▶ _DIRECTIONS_: All lines between the start of the listing below and the line containing "Product Película Protetora", inclusive, must be repeated exactly.

▶ _GIVEN RECORDS_:

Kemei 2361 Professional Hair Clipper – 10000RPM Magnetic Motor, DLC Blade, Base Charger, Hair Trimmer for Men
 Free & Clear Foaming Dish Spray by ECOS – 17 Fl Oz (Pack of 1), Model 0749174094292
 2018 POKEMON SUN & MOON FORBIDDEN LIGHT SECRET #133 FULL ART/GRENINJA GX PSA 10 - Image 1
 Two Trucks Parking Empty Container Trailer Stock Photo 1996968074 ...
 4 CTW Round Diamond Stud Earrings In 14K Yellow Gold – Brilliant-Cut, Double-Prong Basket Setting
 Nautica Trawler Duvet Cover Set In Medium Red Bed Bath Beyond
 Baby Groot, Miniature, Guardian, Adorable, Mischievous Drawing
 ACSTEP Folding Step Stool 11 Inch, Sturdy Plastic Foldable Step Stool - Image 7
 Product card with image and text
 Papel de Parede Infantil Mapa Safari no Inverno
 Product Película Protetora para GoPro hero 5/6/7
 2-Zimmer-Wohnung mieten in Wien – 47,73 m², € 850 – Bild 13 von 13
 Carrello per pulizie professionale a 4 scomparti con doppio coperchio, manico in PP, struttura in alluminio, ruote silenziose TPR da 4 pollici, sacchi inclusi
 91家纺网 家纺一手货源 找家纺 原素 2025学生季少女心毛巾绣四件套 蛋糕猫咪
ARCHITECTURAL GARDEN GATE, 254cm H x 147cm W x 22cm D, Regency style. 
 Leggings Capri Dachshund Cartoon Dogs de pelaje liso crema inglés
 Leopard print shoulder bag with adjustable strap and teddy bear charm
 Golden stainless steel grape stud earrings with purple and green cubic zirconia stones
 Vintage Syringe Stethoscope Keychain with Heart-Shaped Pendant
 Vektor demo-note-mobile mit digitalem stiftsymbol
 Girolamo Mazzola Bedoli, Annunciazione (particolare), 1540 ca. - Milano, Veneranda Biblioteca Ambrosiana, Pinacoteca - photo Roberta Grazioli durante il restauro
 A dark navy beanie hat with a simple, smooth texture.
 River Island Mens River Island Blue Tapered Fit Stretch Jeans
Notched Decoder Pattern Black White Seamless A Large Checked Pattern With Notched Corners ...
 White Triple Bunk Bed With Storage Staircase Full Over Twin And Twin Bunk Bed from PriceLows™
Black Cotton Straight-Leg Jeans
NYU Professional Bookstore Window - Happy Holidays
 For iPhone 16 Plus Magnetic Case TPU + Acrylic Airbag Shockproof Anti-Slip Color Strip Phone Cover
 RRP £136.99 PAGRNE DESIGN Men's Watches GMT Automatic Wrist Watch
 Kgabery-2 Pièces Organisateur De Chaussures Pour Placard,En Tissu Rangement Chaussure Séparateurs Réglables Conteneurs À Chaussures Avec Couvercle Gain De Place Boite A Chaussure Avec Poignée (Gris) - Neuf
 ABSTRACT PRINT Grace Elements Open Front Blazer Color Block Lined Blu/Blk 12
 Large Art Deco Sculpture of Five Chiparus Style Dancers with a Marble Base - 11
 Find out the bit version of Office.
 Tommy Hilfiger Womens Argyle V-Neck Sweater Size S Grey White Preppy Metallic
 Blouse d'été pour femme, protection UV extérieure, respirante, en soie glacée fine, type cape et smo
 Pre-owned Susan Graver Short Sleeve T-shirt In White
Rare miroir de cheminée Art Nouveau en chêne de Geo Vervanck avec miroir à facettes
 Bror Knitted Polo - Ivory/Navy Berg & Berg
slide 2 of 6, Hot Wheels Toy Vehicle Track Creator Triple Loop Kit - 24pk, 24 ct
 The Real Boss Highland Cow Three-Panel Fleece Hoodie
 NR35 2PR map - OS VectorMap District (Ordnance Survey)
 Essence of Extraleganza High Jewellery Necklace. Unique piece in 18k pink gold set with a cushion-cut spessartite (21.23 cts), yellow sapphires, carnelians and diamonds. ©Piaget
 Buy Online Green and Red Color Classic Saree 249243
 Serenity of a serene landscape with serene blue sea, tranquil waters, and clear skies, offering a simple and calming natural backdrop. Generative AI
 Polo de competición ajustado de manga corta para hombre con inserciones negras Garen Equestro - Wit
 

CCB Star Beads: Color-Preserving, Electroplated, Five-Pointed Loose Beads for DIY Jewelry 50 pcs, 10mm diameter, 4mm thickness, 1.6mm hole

▶ _EXERCISE SOLUTION_:
Kemei 2361 Professional Hair Clipper – 10000RPM Magnetic Motor, DLC Blade, Base Charger, Hair Trimmer for Men
 Free & Clear Foaming Dish Spray by ECOS – 17 Fl Oz (Pack of 1), Model 0749174094292
 2018 POKEMON SUN & MOON FORBIDDEN LIGHT SECRET #133 FULL ART/GRENINJA GX PSA 10 - Image 1
 Two Trucks Parking Empty Container Trailer Stock Photo 1996968074 ...
 4 CTW Round Diamond Stud Earrings In 14K Yellow Gold – Brilliant-Cut, Double-Prong Basket Setting
 Nautica Trawler Duvet Cover Set In Medium Red Bed Bath Beyond
 Baby Groot, Miniature, Guardian, Adorable, Mischievous Drawing
 ACSTEP Folding Step Stool 11 Inch, Sturdy Plastic Foldable Step Stool - Image 7
 Product card with image and text
 Papel de Parede Infantil Mapa Safari no Inverno
 Product Película Protetora para GoPro hero 5/6/7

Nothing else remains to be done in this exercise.